The arguments from all three sides have been singularly uncompelling and unsatisfying because they never delve properly into analysing what is wrong with the EU and what can be done to fix it. The Innies say Europe has given us loads of environmental and social goodies without saying what it’s flaws are, while the Outties linger on its fundamental flaws but then usually assert that it can not be reformed, because of its fundamental nature, without really adducing any evidence.
So if we are to vote one way or t’other we must first examine the flaws and then see if it is true that they are unfixable. So what are the failings of Europe, as far as Greens are concerned?
Jenny Jones, the Green Party’s most prominent “out” campaigner, argued back in July 2015 that there was something “rotten at the heart of Europe”. She is right to an extent. She points to the EU parliament’s approval of TTIP and the EU’s treatment of Greece as evidence that the institution has neo-liberal corporatism at its heart. She says that “Green and progressive voters will lack any leverage so long as we tolerate a bad EU for fear of something even worse.”
Rupert Read (who intends to #VoteNeither and spoil his ballot paper) uses the example of the agricultural policy of the EU, which he rightly says has industrialised and marketised farming in Eastern Europe at the expense of the environment.
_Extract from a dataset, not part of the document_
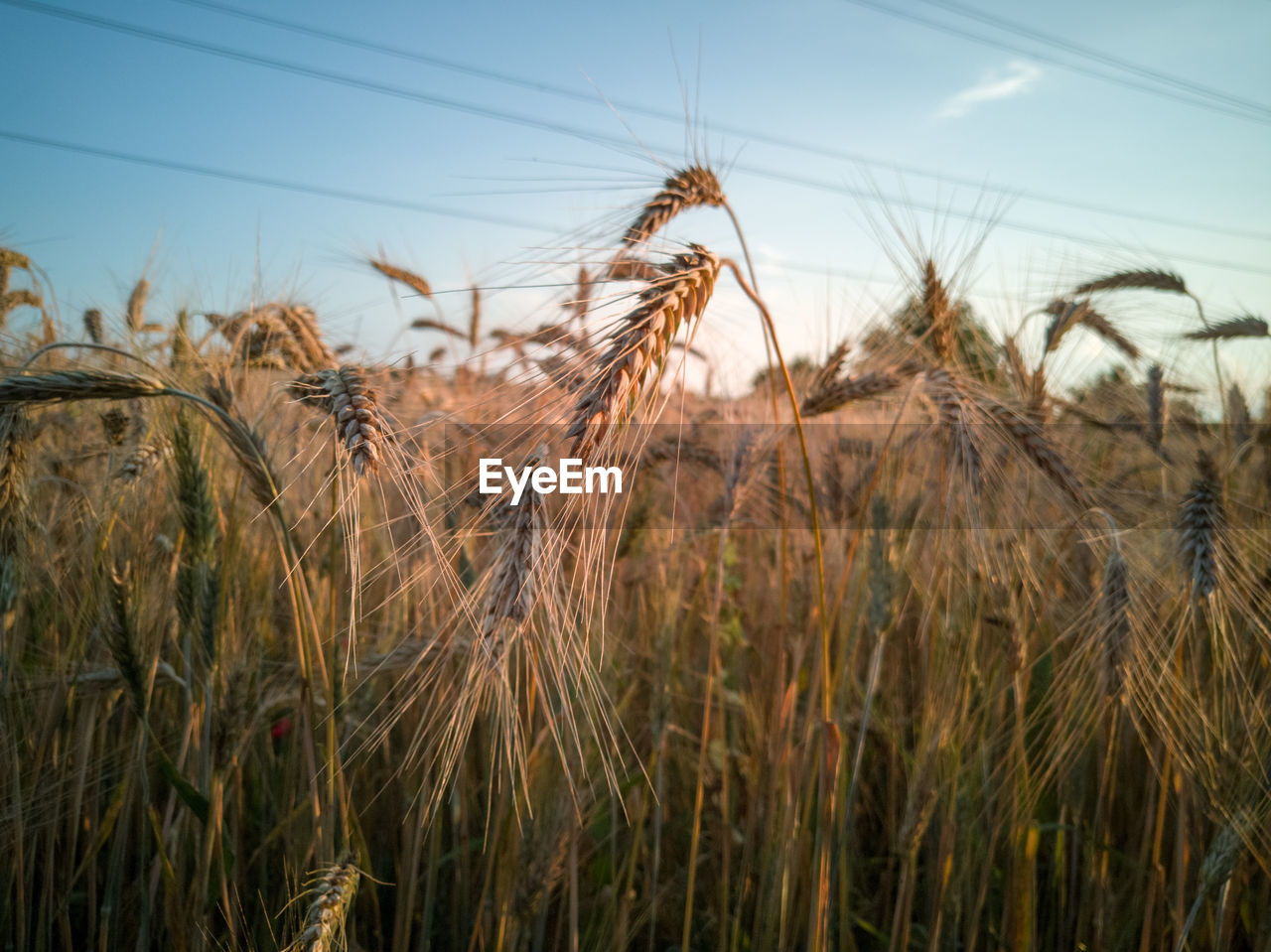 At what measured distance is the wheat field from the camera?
43.8 inches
But to call the EU “bad” is like calling a barrel of apples bad because half of them are rotten. To me that means the rest are still good and can be saved. Greens across Europe have to keep pointing to the rot and pushing to remove it. And both Jenny and Rupert are wrong if they say there is no realistic prospect that the EU can be reformed for the good.
The story of the EU is one that is rarely told properly by either side, pro or anti. Though it is true that the earliest 1951 version of the EU, the European Coal and Steel Community, had as one of its goals cementing peace between France and Germany, and it surely succeeded within a decade in this aim, it’s aim was to do this via trade and to boost production, consumption and economic growth. It was a trading bloc designed to compete with the might of the US.
As such, it was profoundly un-Green. “Maximise production!” could be said to be its battle cry. But something happened in 1979 that began to subtly alter that agenda. What was originally meant to be a mere add-on talking shop thrown a few bones by the founding Council – “the Consultative Assembly” – became a directly elected parliament. This put the democratic cat amongst the bureaucratic pigeons. Ever since, the history of the EU has been one of the parliament using its democratic mandate to gain more and more powers over the bureaucrats of the European Commission – who see their role as bolstering trade and competitiveness of Europe against other nations – and the often self-serving national politicians of the European Council.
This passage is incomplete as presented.